When not in use, the vats are covered by a cover, in three pieces, made of battened three-quarter-inch boards. This keeps in the heat, and prevents oxidation of the vat liquor to a great extent.

A net of half-inch meshes is lowered down into the vat when wool has to be dyed. The wool is gently moved about in the net by means of a "stang," care being taken that it is not lifted out of the fluid.

When the wool has been in the vat a sufficient length of time, it is lifted out of the net and placed in a bag made of strong net. The wool is then wrung in the bag, and the liquid returned to the vat.

Pieces, when placed in the vat, are moved about by means of an instrument called a "hawk," one of which is held in each hand, and the piece is pulled towards the operator. It must not be raised above the liquor. In order to prevent the piece from sinking down into the sediment at the bottom of the vat, an iron hoop of the same diameter as the vat, covered with a net having 4 or 5-in. meshes, is lowered down about a yard below the surface of the liquid, and suspended there.

A movable squeezing machine, consisting of two iron rollers 6 in. in diameter, fixed in a framework, serves the purpose of removing pieces from the vat. One or both rollers may be covered with vulcanized india-rubber.

Materials used in the Woad Vat - Woad, Madder, Bran, Lime Indigo.

Woad consists of the fermented leaves of the woad plant, Isatis tinctoria. This article is grown and manufactured largely in Lincolnshire. The seeds are sown in early spring, and when the plants are large enough they are transplanted in rows. When the plants are from 3 to 6 inches high, the outer leaves are twisted off by children, and then placed under a shed. Usually three crops are thus gathered during the season. The manufacture of the woad is carried on in the winter. The leaves are mixed with lime and urine, and thrown in a heap to ferment. The heap is repeatedly turned over with shovels to prevent excessive fermentation; this turning of the heap is continued until fermentation ceases. The woad is then packed in barrels and sent to the market. The present price of woad is from A. 26 to £30 per ton. (Sample exhibited.)

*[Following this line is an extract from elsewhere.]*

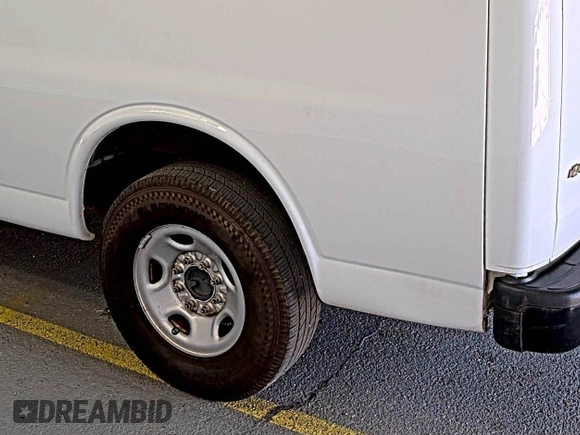 2020 Chevrolet Express Cargo z VIN 1GCWGAFG9L1253235, wystawiony jako IAAI lot #42580142 z przebiegiem 77 857 mil mil oraz . Historia ofert i sprzedaży dostępna na DreamBid. Obrazek 11.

Madder contains sugar and nitrogenous matter in addition to its colouring matters. The sugar passes into the butyric fermentation, and furnishes part of the nascent hydrogen; the nitrogenous matter acts as a ferment. The ordinary crop madder is employed. The use of madder in the fermentation vats is not essential, and in many establishments it is not employed. The colouring matter of the madder gives a special shade to the indigo which some manufacturers like.

The bran used is the ordinary bran obtained in grinding wheat. It contains nitrogenous matters and starch; the former assist as a ferment, and the latter passes during the fermentation through the various stages of glucose, lactic acid, and butyric acid, nascent hydrogen being produced at the latter stage.

Newly burnt lime slaked and riddled is thrown into the vat in the powdering condition. Its employment serves the purpose of neutralizing the butyric acid as fast as it is formed. When the addition of lime is neglected too long, the butyric acid and other matters pass into the putrid fermentation, which acts de structively upon the indigo.

The indigoes found to be the most economical and effective for woollen dyeing are the medium qualities of Bengal, ranging, at the present time, from 4s. to 5s. per lb. The violet copper coloured varieties, having a low specific gravity, are prepared. (Samples exhibited.)

Preliminary Operations.

When the indigo-dyed goods are required to have a special "bloom," the wool or woollen fabric has a "bottom "put on it. Camwood, barwood, Saunders'-wood, cudbear, archil, or archil paste, are the colouring matters which are employed for this purpose. Camwood is the best for wool. The woods give a much more permanent bloom than the weed colours, cudbear and archil, which are somewhat fugitive.

The goods are boiled with the colour for an hour or an hour and a-half, no mordant being used. The quantity of ware is varied according to the depth of shade of bottom required. 16 lbs. of camwood or 12 lbs. of cudbear for 100 lbs. of wool are good proportions for a full bottom.

Of course the blooming is not the only object which the dyer has in view; economy of indigo is an important matter to him.

It is important that the goods to be dyed should be thoroughly cleansed from all dirt, grease, and soap, or otherwise the dye will be taken up unequally.

Setting the Woad Vat.

The following is the method adopted in the woollen districts of the West Riding:
Dimensions of Vat, 7 ft. diameter by 7 ft. deep. – Materials.
5 cwt. Lincolnshire madder, at 26s ... 6£ 10s. 0d.
3 pails of bran, weight 18 lbs. ... 0£ 1s. 1d.
22 lbs. slaked lime in dry powder ... 0£ 0s. 2½d.
2½lbs. madder ... 0£ 0s. 10½d.
24 lbs. of indigo, at 5s ... 6£ 0s. 0d.
[TOTAL] ... 12£ 12s. 2d.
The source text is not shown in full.